Interesting, I had not really thought much about it before, but in essence what you are saying is that one could view the productivity gained by hyperthreading as an indicator of just how much (frequency x duration) the architecture stalls with a given instruction mix.
I.e. to realize hyperthreading performance "benefits" one is basically relying on an architecture being inherently unoptimized when it comes to certain instruction mixes...any changes in the architecture resulting in less stalling (and thus higher thread-level IPC) would actually result in lower thread scaling performance and less advantages of implementing a hyperthreaded architecture.
I had always assumed (never really worried about challenging my assumption on this until now) that hyperthreading was simultaneous, not switched, pipeline with shared resource contention being the cause of lower(ed) thread scaling.
But you are saying if a program is well optimized to intentionally avoid inducing/incurring pipeline stalls then thread scaling on an HT architecture actually suffers (not absolute performance, you lose thread scaling performance but you gain per-core performance) for it.
So it could be said that a program which scales well in a hyperthreaded environment is just a really poorly coded/compiled program which is inducing/incurring a plethora of pipeline stalls.
Or it could be said that the nehalem/westmere architecture is so poorly designed that with some applications the pipeline stalls are excessive to the point that implementing hyperthreading is about the only way to redeem the architecture from what would otherwise be a significant performance impact.
Is this "view" correct?
I am far from being a software engineer, but I would say that you are generally correct.
The biggest takeaway that I get from my engineers is that as you make your system more efficient (i.e. eliminate gaps in the processing chain), the less effective HT becomes.

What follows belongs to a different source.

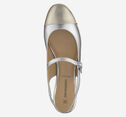 Claire Mary Jane Slingback image number null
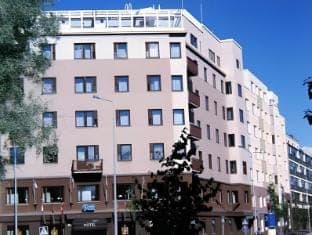 Exterior view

One could argue (correctly) that we will probably never get to 0% cache misses, so, theoretically there will always be a place for an SMT-type architecture. But look at the differences between client and server. It gives bigger uplift in client because those apps are less threaded and *generally* less efficient. They were written for one big fast core instead of being written for multiple cores. Even in the world of single core processors, server apps were multithreaded, client apps were not.
If you could guarantee an environment where you had 0% pipeline stalls and 0% cache misses you'd kill SMT in a heartbeat. Why take the overhead if there is no benefit (because your pipelines would be full and you would never have a thread stop).
The only question to ask yourself is, do you believe people are working to make software more efficient or less efficient? If they are driving for higher efficiency, they are *probably* driving towards lower uplift on SMT over time.
Let's say a pipeline can handle 100 units of work at max. Because of things like cache misses and thread stalls you only get 80 units of work out of it. Now, with SMT you can load some additional work in during a stall, but there is a switching overhead (emptying/loading cache), so you get another 12 units of work out of it. 92 units out of a possible 100 units.
If you make your application and OS more efficient, you get an extra 6 units out of the pipeline. Then you make your cache larger and get another 4 units out. Now you are at 90 units. Because there is a physical limit of 100 units, and there is some SMT overhead, maybe you get 6 units out of SMT. The good news is that you are at 96 units of work, so you are getting more done and are more efficient, but guess what? Your SMT efficiency went from 15% (12 units on 80) to ~7% (6 units on 90).
Now, take that same 80 unit throughput and add a second core. 80 x 2 = 160 units. even if you assume 90% scaling, you are at 152 units. THAT is how you increase throughput.
Take your 152 unit dual core,and add the 4 units of cache and 6 units of SW enhancement. That adds 19 units (if you assume 90% scaling on the second core), or, roughly 12% uplift (to a total of 171). You are getting more benefit out of both of those increases because each has a full impact. In the SMT world, the benefit of those enhancements brings the SMT benefit down because you have the same number of pipes.
So the key is more cores will get you better increases as you make architectural changes towards better efficiency. In an SMT environment, you are banking on inefficiency in order to make 2 threads work on one set of pipelines.
Before anyone starts the flames, all of these numbers are made up and for comparison only. But you should get the idea.